By doing so, researchers don’t need to understand how to write a job script, or what flags and parameters are needed. They can fill out a form, specify what data to analyze and say where they want their results. It creates opportunities for individuals to do their science, from generating data to visualizing it through very simple interfaces. For more advanced users, we have API interfaces and tools to build their own gateways to interact with Frontera. Our goal is to make users as productive as possible.

Final thoughts?

What makes ACI so special is our team and the collaborative environment at TACC. Just like building a science gateway involves taking all these components and creating a single interface, having a successful ACI team requires all these other groups at the center. It’s not just us working in a bubble.

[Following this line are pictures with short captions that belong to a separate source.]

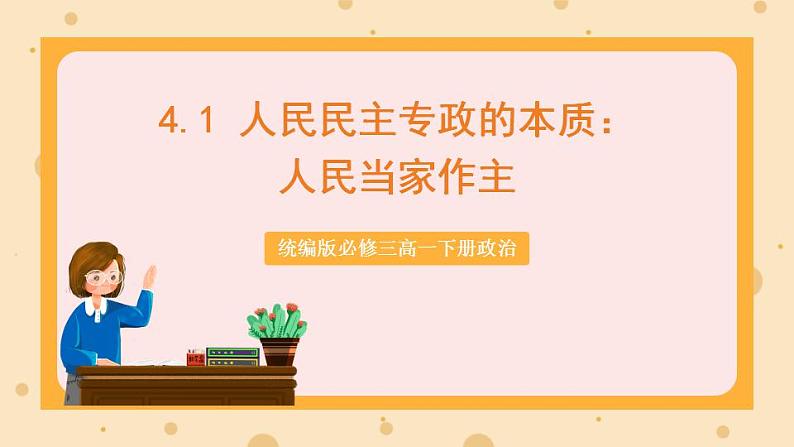 【大单元】4.1 人民民主专政的本质：人民当家作主 课件(统编版必修三高一下册)第1页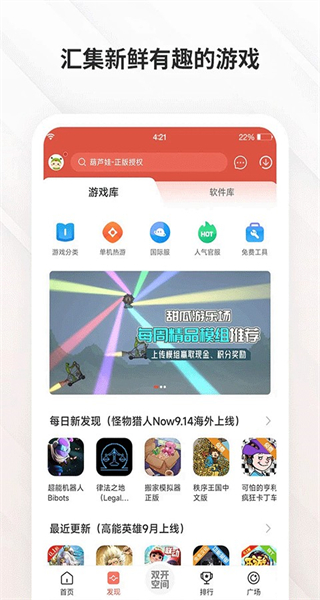 蟲蟲游戲助手 v4.8.5 安卓版 1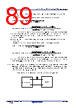 R5F104FCAFP Datasheet HTML 89Page - Renesas Technology Corp 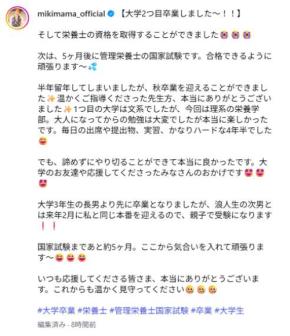 みきママ、２度目の大学卒業＆栄養士資格取得を報告「半年留年」も「本当に楽しかった」
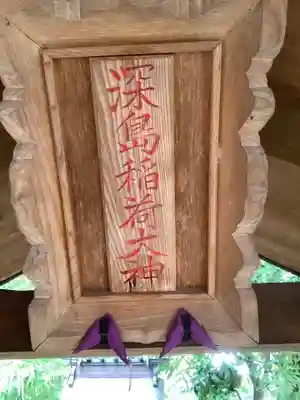 深島神社（柳原）のその他建物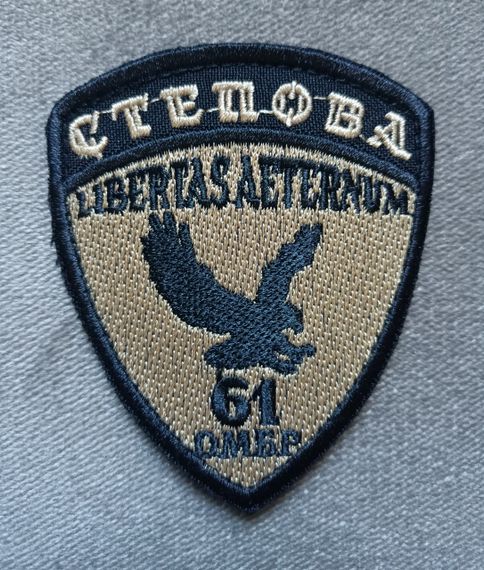 Шеврон 61 ОМБР СТЕПОВА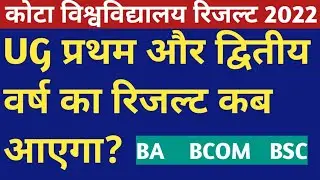 Uok UG 1st and 2nd year Result 2022 kab aayega? | Kota University Result 2022 | BA | BCOM | BSC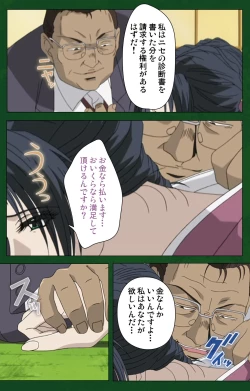 Page 161 of Nawa de nureru jukujo no niku tsubo kanzenhan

We collaborate with a wide range of researchers and scientists to deliver services to our users that really make an impact.

Weaving Together Scientific Computing Tools


The new Tapis software platform aims to simplify research computing for scientists and adds a new tool to researchers’ computational tool belt.

Supported by a $2.9 million grant from NSF to TACC, and another $1 million award to the University of Hawaii, Tapis — short for TACC-APIs (application programming interfaces) ⁠— weaves together services and capabilities.

"Tapis allows researchers to run different parts of a single analysis on different computers, across sites — to run near big data, or near sensors, or on a world-class supercomputer, whatever is optimal for their analysis — and to re-run all or part of an analysis later to reproduce a result," said principal investigator Joe Stubbs, manager of the Cloud and Interactive Computing Group at TACC.

Tapis is funded through the Cyberinfrastructure for Sustained Scientific Innovation program, a cross-cutting NSF effort led by the Office of Advanced Cyberinfrastructure.

"By building on prior work and leveraging existing leadership computational resources such as those available at TACC, Tapis contributes to the continuous strengthening of the national cyberinfrastructure, while at the same time lowering the barriers in accessing it," said NSF Program Director Stefan Robila.